Voices of Stone and Steel – Review – Robert Matthew-Walker
Voices of Stone and Steel–
The Music of William Schuman, Vincent Persichetti and Peter Mennin
By Walter Simmons
Scarecrow Press
425 pages hardback with free CD bound-in
ISBN 978-0-8108-5748-3
This is a very useful book, a study of three contemporaneous American composers, which usually means these days that they spent a lot of their time in academe rather than writing music, which they ended up fitting around their day jobs.
But they make a good and suitable trio to be discussed together, and although all of them made significant contributions to the American symphony as a genre, it cannot really be denied that their best work as symphonists is to be found in their earlier and late music; for
William Schuman, his greatest legacy is not perhaps his music but the Juilliard School, for which he did so much.

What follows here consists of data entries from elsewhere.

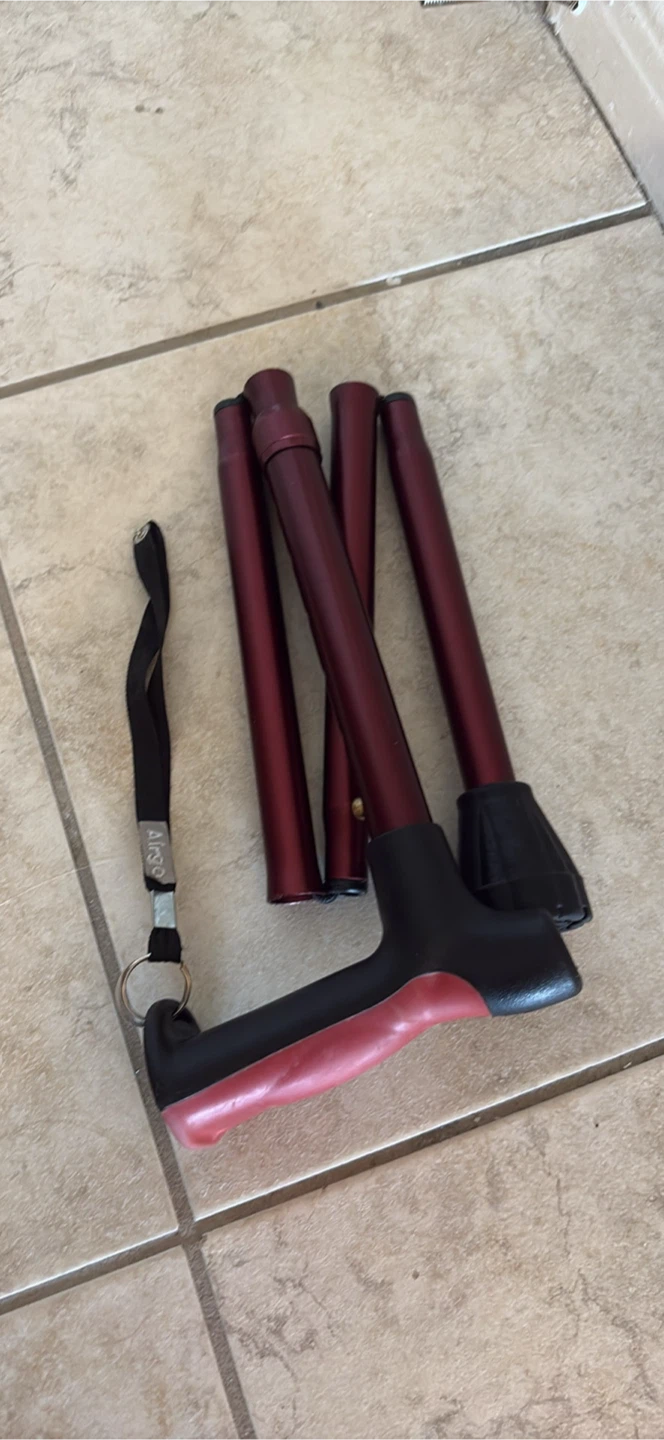 Folding Walking Cane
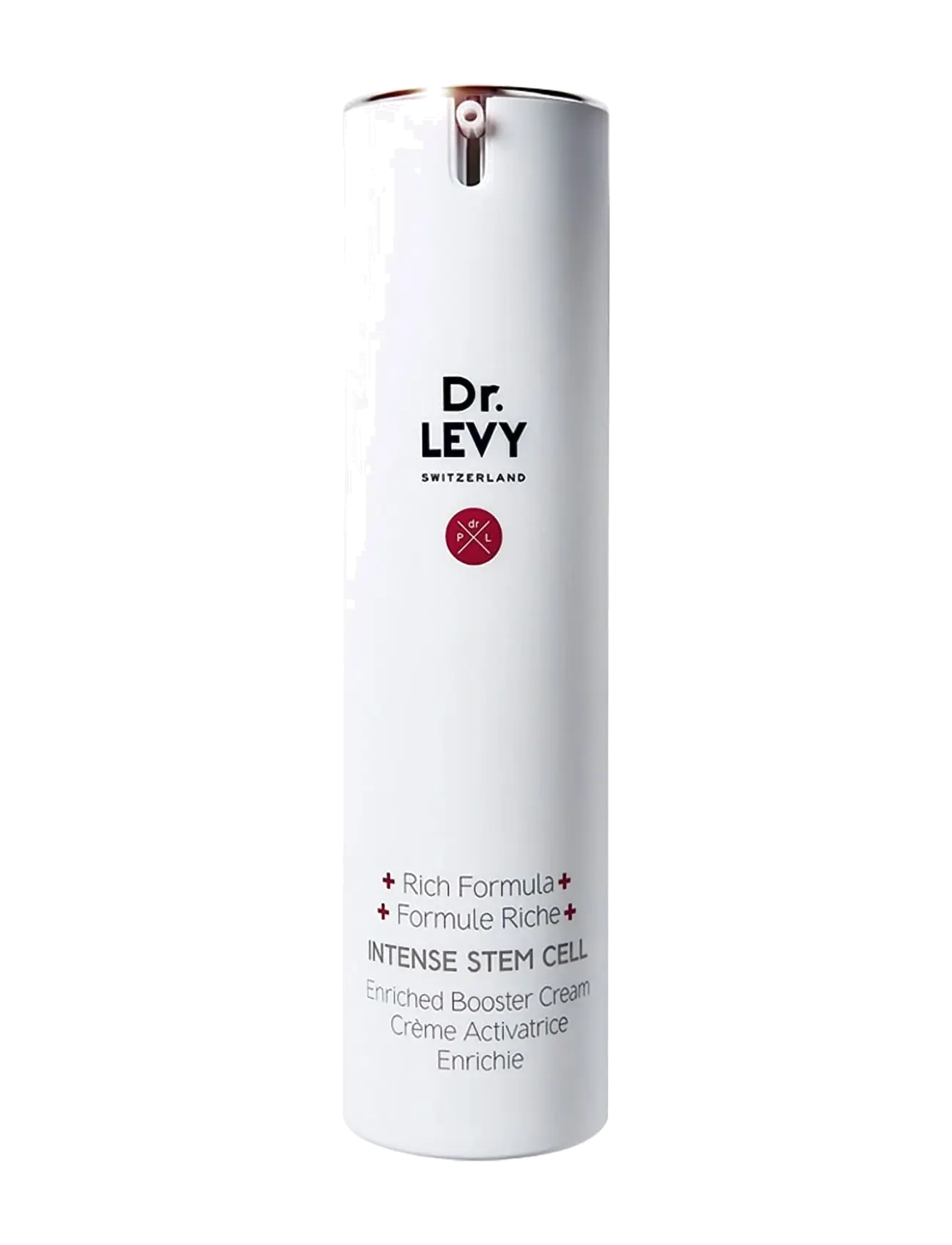 Dr. Levy Enriched Booster Cream - Beauty for Men - WHITE / white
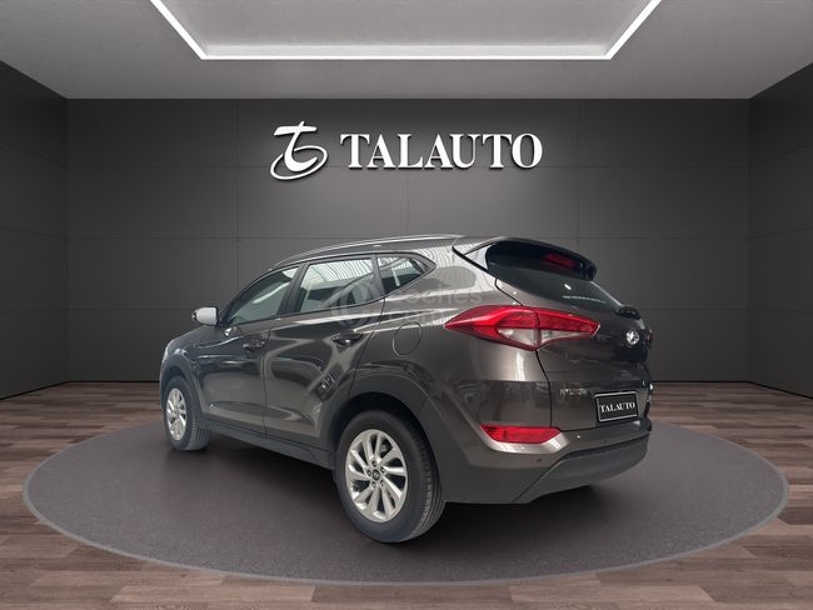 Foto del HYUNDAI Tucson 1.6 GDI BD Klass Nav 4x2 131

He withdrew his earliest symphonies, so his symphonic output actually begins, rather bizarrely, with his Symphony no 3 – a fine work which certainly shows the influence of the older Roy Harris, but which none the less declares Schuman’s individuality. Schuman’s Ninth Symphony, subtitled ‘The Ardeatine Caves’ is another remarkable achievement, but it has to be admitted that rather too many of his other six symphonies do not reveal much in the way of genuine symphonic movement, merely gestures followed by more gestures.
Persichetti’s Fourth and Sixth Symphonies are probably his best, and Peter Mennin’s Third (composed when he was only 23) and Ninth are his finest contributions to the genre. Walter Simmons understandably tends to concentrate upon those larger-scaled orchestral works, without neglecting other scores, and his discussions of all three composers tend to be rather polemical rather than analytical in the generally accepted sense of the term.
However, he cannot entirely disguise a certain partisanship in favour of Schuman, both as man and as artist, as opposed to Mennin (Simmons devotes 170 pages to Schuman, 165 to Persichetti and just 76 to Mennin), and fails to grasp the enormous power of such a work as Mennin’s Ninth Symphony (of which José Serebrier’s world premiere recording, one of the conductor’s best records, is completely ignored by Simmons).
There is sufficient material here on all three composers to form an insightful view of their lives and work – both administrative and musical – and one would have to seek far and wide for greater insights into the legacies of all three men, who – together with Copland, Bernstein, Harris, Piston, Thomson and Ives – constituted the bulk of important American music in the 20th-century up to, say, 1960, by which time their most valuable works had appeared.
The ‘free’ CD is particularly valuable, enabling us of course to hear a representative selection of the music of all three composers about which Mr Simmons has written so informatively and well.